# Man Rules!!



## OldFortKennels (Mar 10, 2006)

The Man Rules******************* 
At last a guy has taken the time to write this all down 

Finally , the guys' side of the sto! ry.
( I must admit, it's pretty good.) 
We always hear 'the rules' 
From the female side. 

Now here are the rules from the male side.

Please note.. These are all numbered '1' 
ON PURPOSE! 

1. Men are NOT mind readers.

1. Learn to work the toilet seat.
You're a big girl. If it's up, put it down..
We need it up, you need it down.
You don't hear us complaining about you leaving it down.

1. Sunday sports. It's like the full moon 
Or the changing of the tides.
Let it be.

1. Crying is blackmail.

1. Ask for what you want. 
Let us be clear on this one: 
Subtle hints do not work!
Strong hints do not work!
Obvious hints do not work! 
Just say it!

1. 'Yes' and 'No' are perfectly acceptable answers to almost every question.

1. Come to us with a problem only if you want help solving it. 
That's what we do.
Sympathy is what your girlfriends are for.

1. Anything we said 6 months ago is inadmissible in an argument. 
In fact, all comments become Null and void after 7 Days. 

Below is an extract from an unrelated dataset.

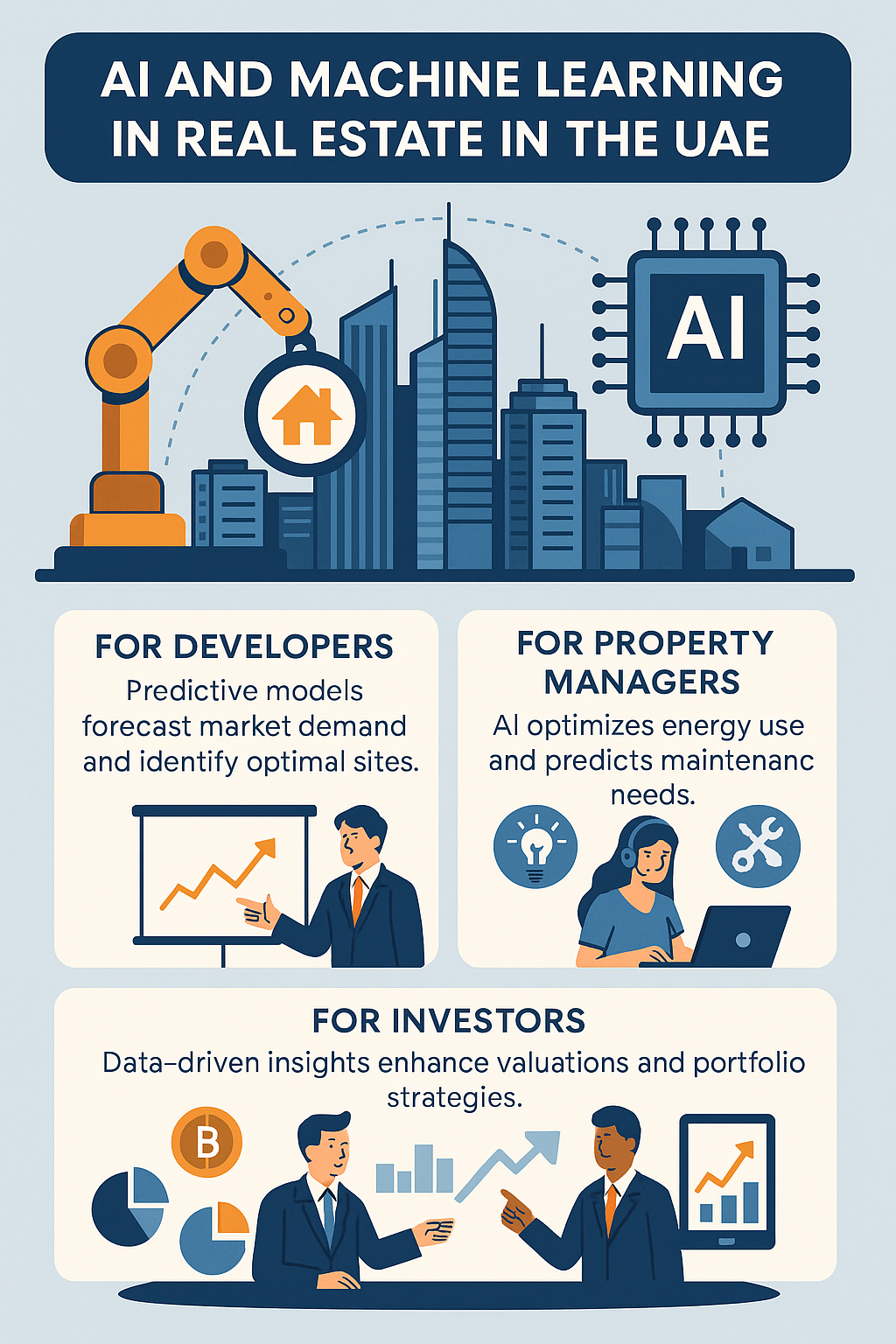 ai-ml-real-estate-img1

1. If you think you're fat, you probably are.
Don't ask us.

1. If something we said can be interpreted two ways and one of the ways makes you sad or angry, we meant the other one .

1. You can either ask us to do something
Or tell us how you want it done. 
Not both.
If you already know best how to do it, just do it yourself.

1. Whenever possible, please say whatever you have to say during commercials. 

1. Christopher Columbus did NOT need directions and neither do we.

1. ALL men see in only 16 colors, like Windows default settings.
Peach, for example, is a fruit, not A color. 
Pumpkin i s also a fruit. We have no idea what mauve is.

1. If it itches, it will be scratched.
We do that.

1. If we ask what is wrong and you say 'nothing,' we will act like nothing's wrong 
We know you are lying, but it is just not worth the hassle. 

1. If you ask a question you don't want an answer to, 
Expect an answer you don't want to hear.

1. When we have to go somewhere, 
absolutely anything you wear is fine... Really . 

1. Don't ask us what we're thinking about unless you are prepared to discuss such topics as baseball
Or golf.

1. You have enough clothes.

1. You have too many shoes.

1. I am in shape. Round IS a shape!

1. Thank you for reading this.
Yes, I know, I have to sleep on the couch tonight;

But did you know men really don't mind that? It's like camping. 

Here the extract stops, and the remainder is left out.